Public DNA/protein databases now contain enormous amounts of DNA sequence information from a vast array of species. These databases contain the necessary software to transcribe, this information into the amino acid sequences of the corresponding proteins.

A team of scientists from CSL, The RIKILT-Institute of Food Safety, IFA Tulln and r-Biopharm have been investigating an approach (http://www.srmtest.com) to develop immunotests for specific cooked animal tissues, (Specified Risk Material (SRM)), based on the sequence information of proteins in these databases.

Local databases of bovine, ovine, caprine and porcine protein sequences have been constructed from the public protein databases and proteins have been identified from these that appeared unique to the particular tissues of interest, (brain, eye, tonsil, ileum, spleen). The protein sequences have been cut in silico into 10mers and the sequence of these short decapeptides used to search the main public databases (a BLAST search) to determine whether these were unique to the protein. Selected decapeptides that were confirmed as unique were then examined in silico using software tools to determine whether they were both resistant to specific protease digestion and were potentially good antigens.  Peptides that met these criteria were synthesised and the synthetic peptides used to raise monoclonal antibodies for immunoassay development. The planned assay format involved first digestion of the cooked meat sample with the selected protease leaving the target peptide sequence in tact. The digested peptides were then assayed using the developed immunoassay.
Studies identified nine proteins in the animal databases that appeared specific to the tissues of interest. Twelve peptide sequences that retained theoretically specificity to one of the four SRM tissues; brain, eye, ileum or tonsil, were selected from these proteins. Only two of these peptides were theoretically also specific for the animal species, based on the information in the databases at the time. However later database interrogation showed one of these peptides also matched both the bovine and ovine protein, due to additional sequence information entering the public databases.
The peptides were commercially synthesised and used to raise monoclonal antibodies. Only 30% of the peptides produced antibodies specific to the free synthetic peptide, as measured by competitive ELISA. Of these, one antibody, specific to eye tissue, showed specificity for cooked eye tissue after digestion with pepsin. The assay was able to detect cooked eye tissue from a range of species at the 1% contamination level in the presence of other cooked meat products in a competitive ELISA.

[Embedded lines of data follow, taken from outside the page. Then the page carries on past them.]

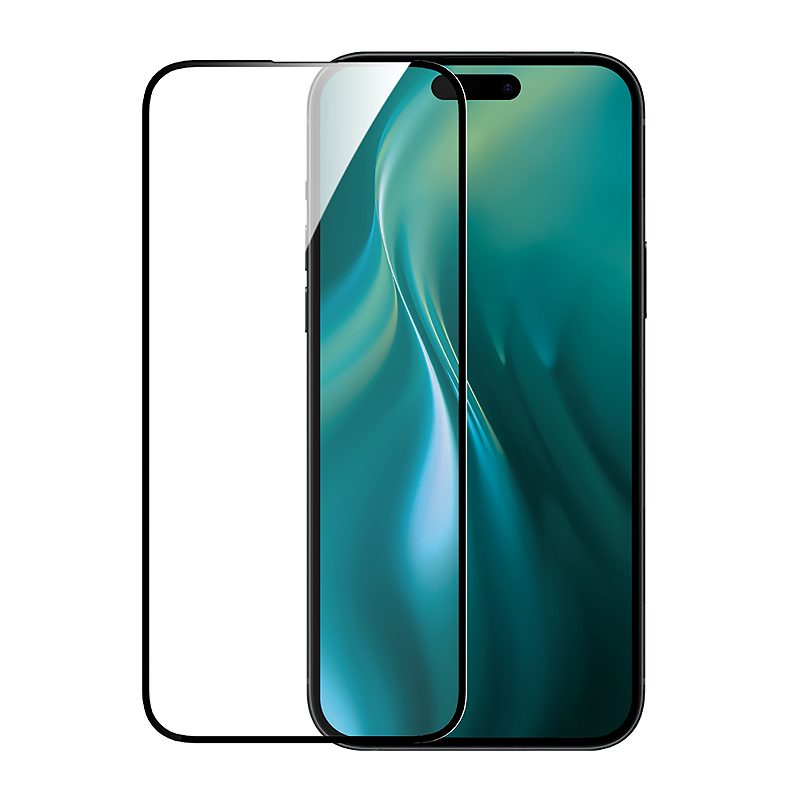 Etteri tempered glass 9D for iPhone 16 Plus 6,7"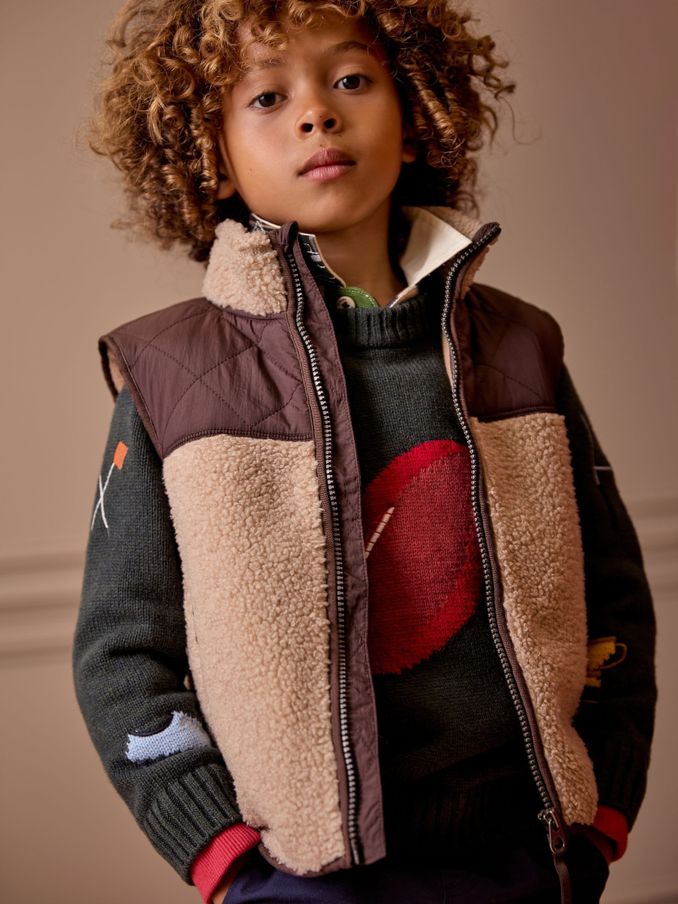 Boys Gilets Bodywarmers Padded Quilted Gilet s Joules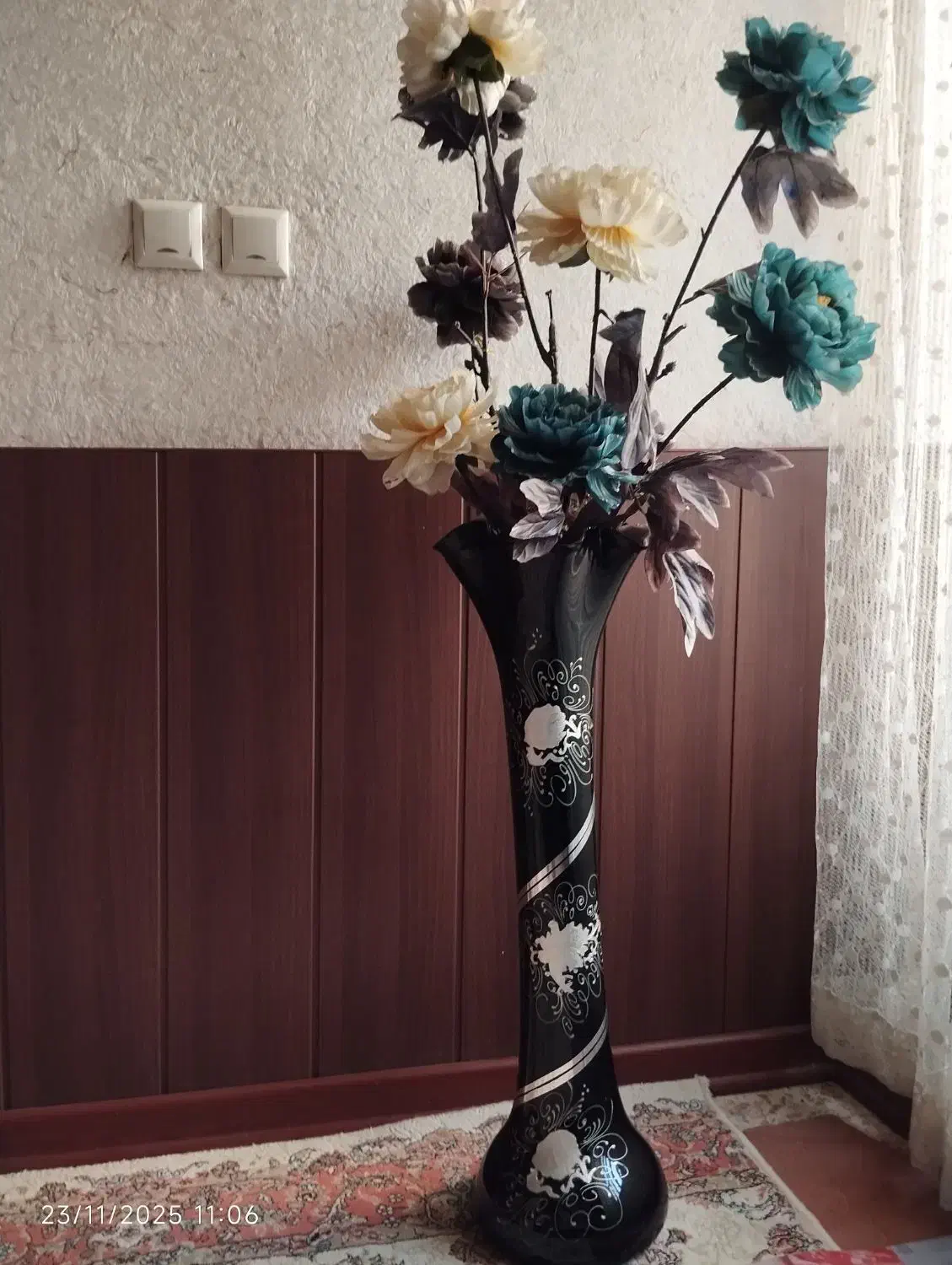 گل و گلدون|گل مصنوعی|مشهد, گاز|دیوار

While there are still a lot of questions to be answered in this approach to antibody production the study has so far shown that an in-silico approach to identifying targets for specific immunoassays is possible. With the growth of the public DNA/protein databases the identification of useful targets is becoming more specific, and in-silico digestion of peptides to identify proteolytic methods of antigen release from complex cooked matrices has been shown to work. Problems still remain regarding efficiency of antibody production to peptides by traditional means, avidity of the subsequent antibodies and possible loss of antigenicity of peptides due to severe heat damage to the protein sequences. However some of these problems will be addressed in the present SAFEED –PAP project.